The woods was our third place, long before Starbucks made a third place famous. We worked out our morality with fear and trembling while gathering in a clearing attracted by the flame rising from an old pipeline. The flame was rarely extinguished and we warmed ourselves on winter days mesmerized by its endurance and by the waters that ran fast in the creek after spring rains. We built lean-to forts with thatched roofs in the event of an invasion by the Soviet Union or as a contingency if we ever ran away from home. Here we would have shelter and comfort and an eternal flame rising from the earth. We were learning how to build and invent and play in a childhood universe. The paths we trod upon as children in that wood helped form our personalities, careers, and ideas of how we would spend our time one day as taller humans.
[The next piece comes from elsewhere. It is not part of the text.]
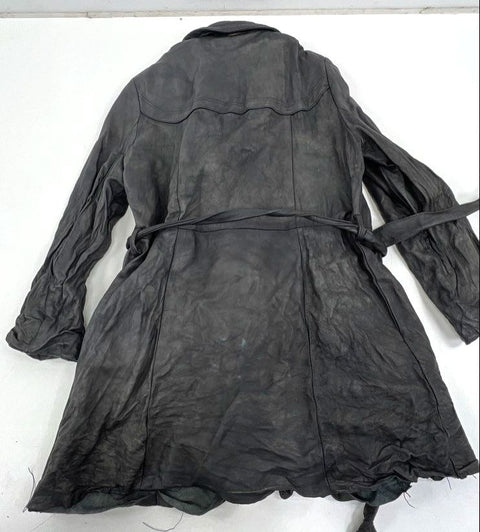 Vintage 70s Dan Di Modes 24k Leather Belted Trench Coat Jacket Made in USA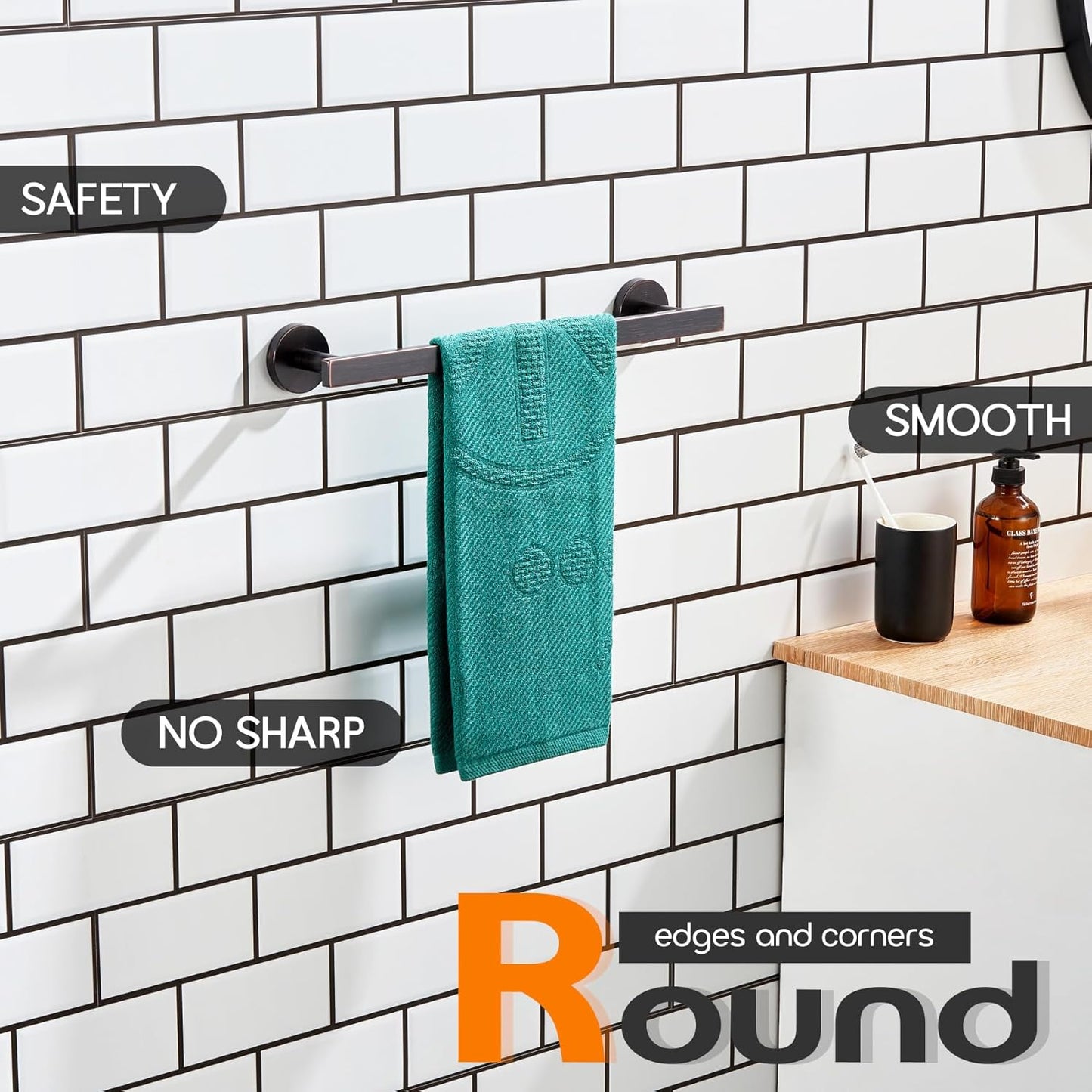 12 Inch Bathroom Towel Bar Bath Towel Rack Kitchen Towel Holder Towel Ring Wall Mounted SUS304 Stainless Steel 2 Pack Oil Rubbed Bronze AN4001ORB-L12-P2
Zechariah 8:5 says that “the streets of the city shall be full of boys and girls playing.” This seems to have been true of all human cultures. We were that band of children forming our own body politik with customs and powers and beliefs and ever evolving oral mythologies. In the fauna and flora of those woods, peppered with puffy fungus and moss and composted leaves we began to explore the nature of who we were before we became builders and generals and teachers and scientists.
Neil Postman wrote in 1982. “A children’s game, as we used to think of it, requires no instructors or umpires or spectators; it uses whatever space and equipment are at hand; it is played for no other reason than pleasure. . . . Kick the Can, Red Rover, Blindman’s Buff…even Hide-and-Seek, which was played in Athens more than two thousand years ago, has now almost completely disappeared from the repertoire of self-organized children’s amusements. Children’s games, in a phrase, are an endangered species.”
Brian Kaller again, “The decline began a few generations ago, when television steamrolled over children’s cultural traditions, and that screen has now multiplied into a billion hand-held ones. When children everywhere carry all the world’s pornography in their pocket, as well as electronic games psychologically designed to addict people as powerfully as heroin, few future leaders will organize their mates, and few budding scientists will turn over any logs. Moreover, children today grow up under effective house arrest, as local ordinances, paranoid neighbors and police conspire to prohibit children from venturing far outside. They grow up learning no lessons, organizing no peers, and exploring no territory, unless it be shifting electrons around a screen, and the screen becomes their world. This unnatural state takes all the power of modern society to maintain, and it does not have to be inevitable or permanent; even now some parents keep their children unplugged and gather with other parents who do the same. If they don’t live near the country themselves, they might visit family who do. They teach small children some games from old books, and let the children take it from there. How this guerrilla action proceeds will depend on the situation, but it needs to be done. Otherwise, today’s children will live in a country filled with the most dependent and least self-sufficient humans who ever lived, polarized and paralyzed by their screens, and facing a difficult future. We will need a new generation of people who can strategize, negotiate, and work together again, and to do that we need children to experience childhood once more.”